TREN AL SUR

 


Juan de Arona Linea de Chorrillos

TREN AL SUR


Por; Josefina Barrón

Juan no era Juan. Era Pedro. Juan de Arona fue Pedro Paz Soldán. Uno solo. Complejo e inclasificable. Niño en los campos de Cañete, señorito en los salones de Europa, sabía de los griegos y los árboles. Promovía peruanismos en un Perú que aún no tenía conciencia de lo suyo. Era poeta, filólogo, cronista de viajes y descubridor de lo bello, lo nefasto y todo aquello a lo que a nadie más parecía importar. No podía con su genio, acaso no quería. Sus palabras fueron dardos que lanzó a sus enemigos sin medir las consecuencias. No escribía tan bien como sabía decir verdades.

Fue abogado del diablo y de esos árboles que miraba maravillado. Naturalista de la condición humana, filósofo de la estulticia, humorista muy negro, despiadado. La estupidez reinante lo sacó de sus casillas, lo hizo pelearse con casi todos los que formaron su universo social y geográfico. Así, dijo alguna vez que el pueblo ejercía su  'soberasnía', llamaba constantemente 'pillaje' al peaje y 'Gran Enemigo' a la autoridad. Había heredado la inmensa biblioteca, en fondo y forma, de su abuelo, Hipólito Unanue. Pareció habérsela leído toda. 

Un poco antes de morir en enero de 1895, ya sin la fortuna familiar, Juan de Arona reunió sus crónicas


que había publicado en El Comercio y otras tantas inéditas bajo el título de "La línea de Chorrillos", y les dio forma de libro. Testimonio díscolo, por momentos catársis, sobre la vía del tren que integraba los tres balnearios de Miraflores, Barranco y Chorrillos a la ciudad de Lima.
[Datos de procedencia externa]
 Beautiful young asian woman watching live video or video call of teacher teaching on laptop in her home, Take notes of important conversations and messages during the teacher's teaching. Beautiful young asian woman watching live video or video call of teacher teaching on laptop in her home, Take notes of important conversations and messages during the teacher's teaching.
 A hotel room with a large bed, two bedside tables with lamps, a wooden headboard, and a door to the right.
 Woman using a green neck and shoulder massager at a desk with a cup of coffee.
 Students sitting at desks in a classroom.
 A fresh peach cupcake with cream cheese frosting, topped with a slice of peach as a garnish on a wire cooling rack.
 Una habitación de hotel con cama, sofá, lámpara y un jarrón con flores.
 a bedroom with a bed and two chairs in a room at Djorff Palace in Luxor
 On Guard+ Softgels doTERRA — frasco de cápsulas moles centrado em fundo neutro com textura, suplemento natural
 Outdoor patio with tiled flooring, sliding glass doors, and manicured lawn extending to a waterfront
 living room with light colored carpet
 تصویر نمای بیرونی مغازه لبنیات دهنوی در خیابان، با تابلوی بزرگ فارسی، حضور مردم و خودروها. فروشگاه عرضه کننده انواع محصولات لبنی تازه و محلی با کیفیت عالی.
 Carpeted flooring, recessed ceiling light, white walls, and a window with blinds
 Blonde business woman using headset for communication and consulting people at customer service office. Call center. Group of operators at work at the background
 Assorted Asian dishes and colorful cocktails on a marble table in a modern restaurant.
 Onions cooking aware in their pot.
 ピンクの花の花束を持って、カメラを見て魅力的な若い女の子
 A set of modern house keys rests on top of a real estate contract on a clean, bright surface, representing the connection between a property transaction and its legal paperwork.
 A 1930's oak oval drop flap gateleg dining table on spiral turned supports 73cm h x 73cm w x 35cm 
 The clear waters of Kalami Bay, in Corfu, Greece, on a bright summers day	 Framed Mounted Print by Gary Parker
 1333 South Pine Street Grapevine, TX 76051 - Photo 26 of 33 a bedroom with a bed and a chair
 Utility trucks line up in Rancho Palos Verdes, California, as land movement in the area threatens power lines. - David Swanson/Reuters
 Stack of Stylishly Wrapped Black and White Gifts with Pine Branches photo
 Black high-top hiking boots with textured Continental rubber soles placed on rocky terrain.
Juan de Arona se detuvo en cada uno de los pueblos aún separados por extensos campos de cultivo, para recorrerlos al pie del acantilado e ir, como cronista de viajes que fue, comentando sobre calles, pasajes y alamedas, descubriendo ranchos y personajes, denunciando abominaciones edilicias, evocando estampas y los recuerdos de su niñez.

Regurgitó en el papel los estragos de la guerra con Chile sobre Chorrillos, el balneario que alguna vez fue llamado Versalles y que luego estuvo largo tiempo "tieso y estirado como un emperador muerto".


Habían pasado apenas trece años de la caída de Lima y, en el camino del tren, Juan de Arona aún se topaba con escombros de aquel doloroso episodio. Se reconocía extasiado por la presencia heroica de árboles extraños en nuestros desiertos: "Un gran árbol añoso en la costa de Lima es poco menos que una maravilla. Los vetustos sauces de la bajada de Barranco habían adquirido en sus troncos un grosor extraordinario, parecían tambores". Veía cómo el joven Barranco empezaba a animarse, mientras el viejo Chorrillos languidecía debajo de sus ruinas.


De Miraflores escribía: "Los rosales y el lujo de luz que había en el Miraflores de mi niñez han
desaparecido bajo la opacidad de la multitud de árboles exóticos con los que las colonias extranjeras han dotado al pueblo de sus afecciones". 

Nos hubiera hecho mucho bien tener a Juan de Arona hoy, hacerlo recorrer la Lima que dice mirar el mar, llevarlo por la costa que en sus tiempos sí fue verde y era virgen de otros ruidos que no eran los de las aves, el murmullo de las olas, los pescadores, y uno que otro bañista paseandero.